A Judicialização da saúde, termo amplamente usado pelos secretários estaduais de Saúde, na tentativa de se isentarem de qualquer culpa pela má administração dos recursos públicos, não é nenhuma novidade para a Defensoria Pública, órgão que diariamente atende dezenas de pacientes no Estado, que desesperados vão em busca de amparo para conseguir na Justiça, o direito à saúde pública que na prática não existe. São pedidos de vagas em UTIs, medicamentos de alto custo, cirurgias das mais variadas complexidade.
São dezenas de atendimentos diparios na Defensoria em busca demandas na área da saúde |
Defensor público especializado em direitos da Saúde, Carlos Gomes Brandão atua há 10 anos no núcleo do órgão em Cuiabá e discorda dos argumentos usados pelos gestores públicos. Ele, aliás, nem acha correto utilizar o termo judicialização, pois explica que o paciente só recorre à Justiça após esgotadas todas as tentativas possíveis de conseguir atendimento. Ressalta que somente em Cuiabá, ele realiza por mês cerca de 250 atendimentos e após filtrar os casos mais graves e urgentes, pelo menos 50%, ou seja, 125 viram processos na Justiça em busca de liminar.

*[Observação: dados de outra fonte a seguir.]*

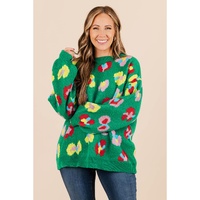 Green Plus Size Floral Knitted Ribbed Edge Drop Shoulder Sweater - 1X thumbnail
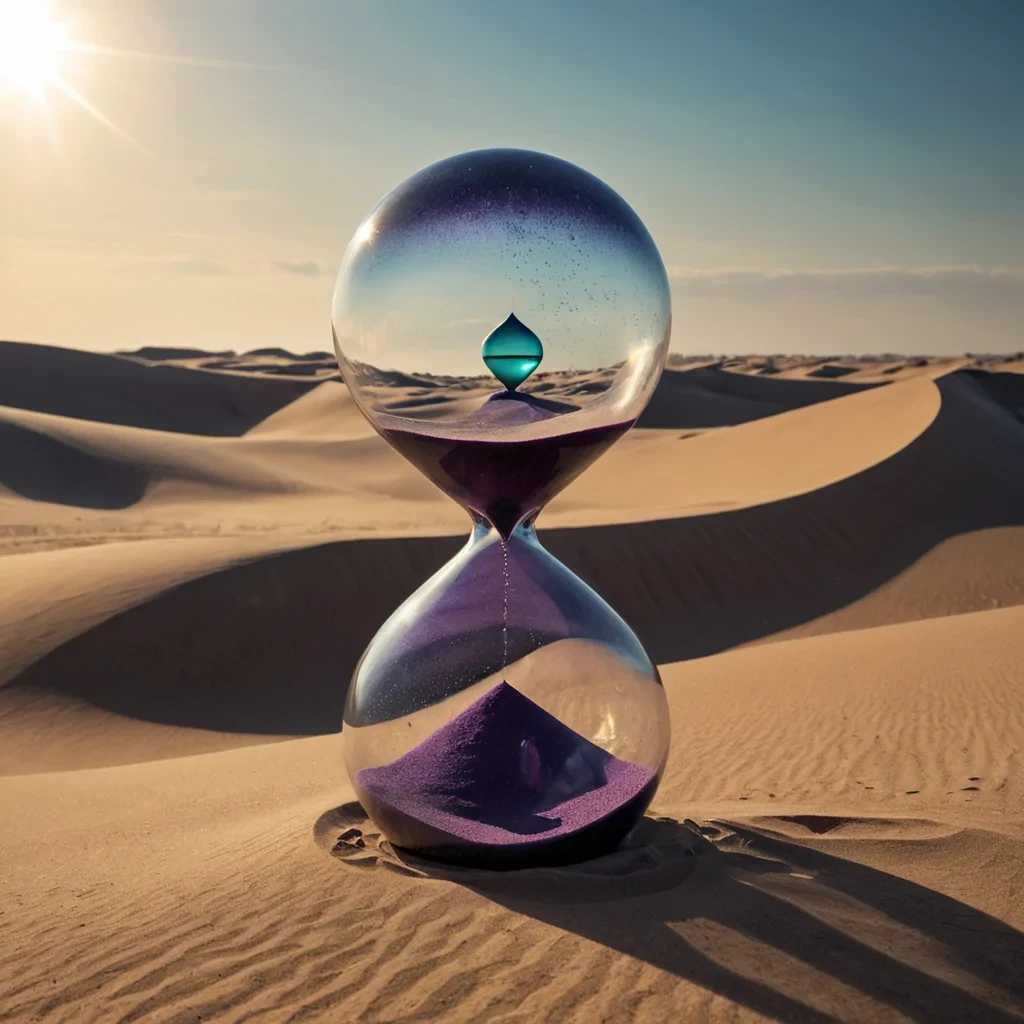 A photorealistic, lowangle wide shot of a futuristic desert landscape where the dunes are composed entirely of fine, iridescent silica sand that shifts color from deep violet to bright teal depending on the angle of the midday sun. In the foreground stands a massive, solitary structure resembling a giant, inverted hourglass made of frosted, translucent alabaster, its narrow neck sealed by a rotating ring of polished obsidian. Inside the upper bulb of the hourglass, a swirling storm of magnetic sand particles dances in perfect geometric patterns, illuminated from within by a soft, internal amber glow. The lower bulb is empty and smooth, reflecting the harsh, blinding white sky and the sharp shadows of the surrounding dunes. Sparse, low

Mas o problema é que o Estado não cumpre, segundo ele, 80% das liminares, obrigando o assistido retornar à Defensoria para ser solicitado o pedido de bloqueio das contas para garantir o cumprimento da ordem judicial e a compra de medicamentos, ou custeio de cirurgias e leitos de UTIs na rede privada.
Acompanhe os principais trechos da entrevista
Gazeta Digital – Recentemente, num encontro com conselheiros estaduais de Saúde, o secretario Mauri Rodrigues de Lima, afirmou que a falta de recurso para compra de medicamentos é reflexo da judicialização da saúde que acontece em Mato Grosso. O senhor concorda com esse argumento?
Carlos Brandão – Na verdade essa questão é muito complexa e há tempos vem sendo discutida, mas sem chegar a um consenso. Estive participando há pouco tempo de um seminário desenvolvido pelo Conselho Nacional de Saúde com a participação de especialistas do Ministério da Saúde, dos Conselhos Federais de Medicina, da Defensoria Pública, do Ministério Público e do Judiciário. Foram 3 dias de discussão e não se chegou a nenhuma conclusão definitiva, se a questão que eles [gestores] chamam de judicialização, acarreta ou não impacto significativo no orçamento público. Também não ficou definido se o que eles chamam de judicialização é de fato uma judicialização.
O que nós estamos dizendo é que está transferindo toda a responsabilidade da gestão da saúde pública para o Judiciário que está, de certa forma, intervindo nisso em uma quantidade tão grande que eles podem chamar de judicialização como se fosse uma epidemia. Não acho certo o termo judicialização e muito menos eu poderia concordar com quem afirma que a culpa pela falta de medicamento é do que eles chamam de judicialização. Para se ter uma ideia, o problema não é só falta de medicamento. Na gestão anterior do Blairo Maggi quando o Marcos Machado [hoje desembargador] era promotor de Justiça à época entre 2005 e 2006 e estava como secretário de Saúde, ele criou alguns protocolos estaduais para o fornecimento, pela via administrativa, de medicamentos que não faziam parte das listas oficiais do SUS, daquelas que vem dinheiro do Ministério da Saúde para o Estado administrar e comprar os remédios.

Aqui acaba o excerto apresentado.